The most signal illustration of the improbabilities that arise from the traditional order of the book lies in the priority of Ezra to Nehemiah. On the common view, Ezra arrives in Jerusalem in 458 B.C. (Ezra vii. 7, 8), Nehemiah in 444 (Neh. ii. 1). But the situation which Ezra finds on his arrival appears to presuppose a settled and orderly life, which was hardly possible until the city was fortified and the walls built by Nehemiah; indeed, Ezra, in his prayer, mentions the erection of the walls as a special exhibition of the divine love (Ezra ix. 9). Further, Nehemiah's memoirs make no allusion to the alleged measures of Ezra; and, if Ezra really preceded Nehemiah, it is difficult to see why none of the reformers who came with him from Babylon should be mentioned as supporting Nehemiah. Again, the measures of Nehemiah are mild in comparison with the radical measures of Ezra. Ezra, e.g. demands the divorce of the wives (Ezra x. 11ff.), whereas Nehemiah only forbids intermarriage between the children (Neh. xiii. 25). In short, the work of Nehemiah has all the appearance of being tentative and preliminary to the drastic reforms of Ezra. The history certainly gains in intelligibility if we assume the priority of Nehemiah, and the text does not absolutely bind us. Ezra's departure took place "in the seventh year of Artaxerxes the king" (Ezra vii. 7). Even if we allow that the number is correct, it is just possible that the king referred to is not Artaxerxes I (465-424), but Artaxerxes II (404-359). In that case, the date of Ezra's arrival would be 397 B.C.; in any case, the number of the year may be incorrect.
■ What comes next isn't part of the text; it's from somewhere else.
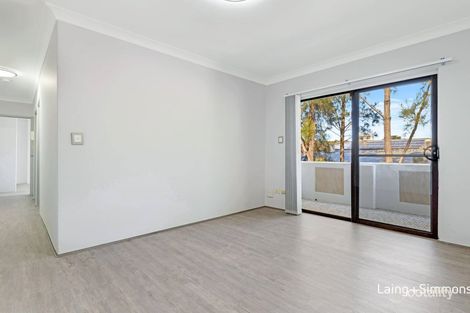 2/1-3 Apia St, Guildford, NSW 2161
Any doubt which might arise as to the possibility of so serious a transformation is at once met by an indubitable case of misplacement in Ezra iv. 6-23. The writer is dealing with the alleged attempts of the Samaritans to frustrate the building of the temple between 536 and 520 B.C. (Ezra iv. 1-5), and he diverges without warning into an account of a similar opposition during the reigns of Xerxes (485-465) and Artaxerxes (465-424) (Ezra iv. 6-23), resuming his interrupted story of the building of the temple in ch. v. The account in iv. 6-23 is altogether irrelevant, as it has to do, not with the temple, but with the building of the city walls, iv. 12.
Such peculiarities and dislocations are strange in a historical writing, and they are to be explained by the fact that the book of Ezra-Nehemiah is not so much a connected history as a compilation. The sources and spirit of this compilation we shall now consider. First and of surpassing importance are (a, b) what are known as the I-sections—verbal extracts in the first person, from the memoirs of Ezra and Nehemiah:—
(a) Ezra vii. 27-ix., except viii. 35, 36.
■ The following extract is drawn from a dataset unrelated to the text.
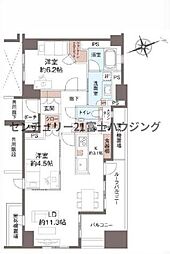 プラウド湘南藤沢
(b) Neh. i.-vii. 5, xii. 27-43, xiii. 4-31.
(c) Other sections, though they are not actually extracts from the memoirs, appear to rest directly on them: cf. Ezra vii. 1-10, x., Neh. viii.-x. In these sections Ezra is spoken of in the third person.
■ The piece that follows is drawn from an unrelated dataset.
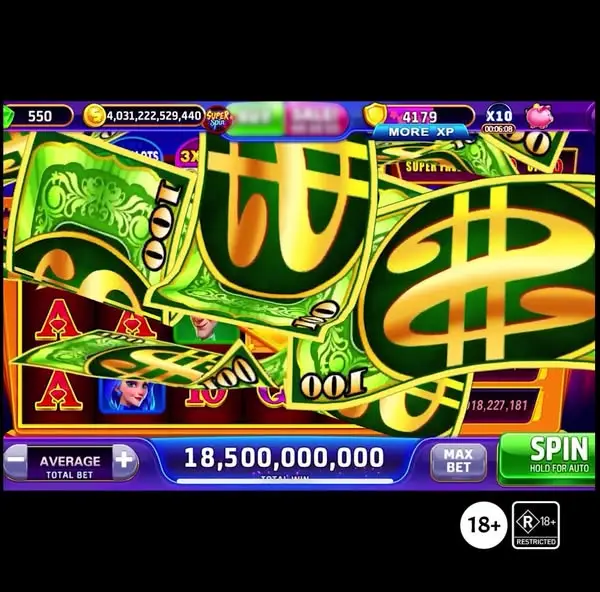 Кадр рекламы Slots Free Club - Free Slots and Casino Games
(d) Of great interest and importance are the Aramaic sections, Ezra iv. 7b-vi. 18 and vii. 12-26, involving correspondence with the Persian court or royal rescripts.
(e) Finally, there are occasional lists, such as Neh. xii. 1-26_a_, or Neh. vii. 6-69, a list of the returning exiles, incorporated in the memoirs of Nehemiah from some earlier list and borrowed in Ezra ii.
These are the chief sources, but there can be no doubt that they were compiled—that is put together and in certain cases worked over—by the Chronicler. That suspicion is at once raised by the fact that Ezra-Nehemiah is a strict continuation of the book of Chronicles,[1] though in the Hebrew Bible Chronicles appears last, because, having to compete with Samuel and Kings, it won its canonical position later than Ezra-Nehemiah. But apart from this, the phraseology, style and point of view of the Chronicler are very conspicuous. There is the same love of the law, the same interest in Leviticalism, the same joy in worship, the same fondness for lists and numbers. He must have lived a century or more after Ezra and Nehemiah; he looks back in Neh. xii. 47 to "the days of Nehemiah," and he must himself have belonged to the Greek period. One of his lists mentions a Jaddua, a high priest in the time of Alexander the Great. He speaks of the king of Persia (Ezra i. 1), and of Darius the Persian[2] (Neh. xii. 22), as one to whom the Persian empire was a thing of the past; contemporaries simply spoke of "the king," Ezra iv. 8. [Footnote 1: Note that the opening verses of Ezra are repeated at the end of Chronicles to secure a favourable ending to the book—the more so as that was the last book of the Hebrew Bible.] [Footnote 2: In Ezra vi. 22 Darius is even called the king of Assyria.]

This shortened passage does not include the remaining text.